Connecting the dots

A critical analysis of the fiscal, food, fuel, frontiers, fragility of climate and functional democracy crisis

Connecting the dots

Sifting through the shelves of a book store, one sometimes comes across a book which is a compilation of articles. That can be putting together of various articles on different topics by the same author, even if there is little or no link between the write-ups.
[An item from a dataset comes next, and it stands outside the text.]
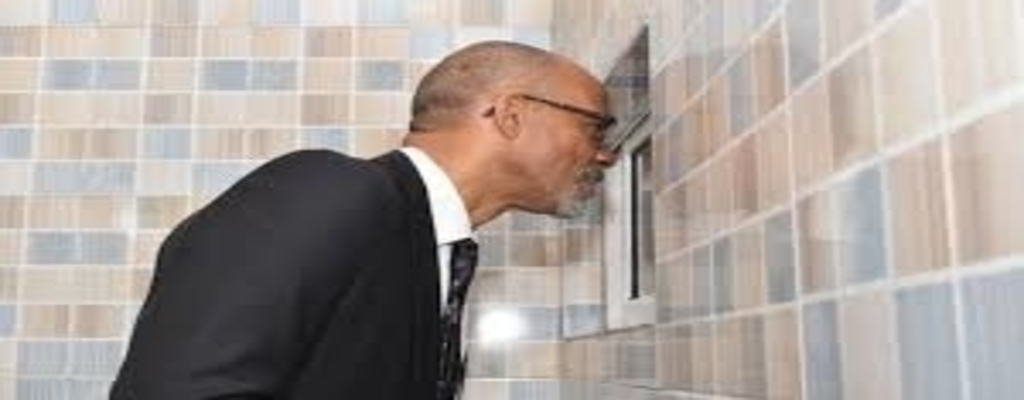 BREAKING: Italian who brought coronavirus to Nigeria now negative – Lagos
But there are a few exceptions, of course.

One is certainly "Pathways to Sustainable Development…." Though it is also a compilation of various articles dating back from 2005 to the recent times, they share the same context and forcefully complement one another.

That the articles have appeared in mainstream English dailies, mainly The News, over the last roughly one decade, gives the reader an opportunity to see the issues, such as the food and fuel crises, in their proper historical context and connect the dots.

As the cover of the book explains, the book is "a critical analysis of the fiscal, food, fuel, frontiers, fragility of climate, and functional democracy crisis." The diagram on the title further shows how all the crises stem from factors that are related to the whole picture of the country’s economic status.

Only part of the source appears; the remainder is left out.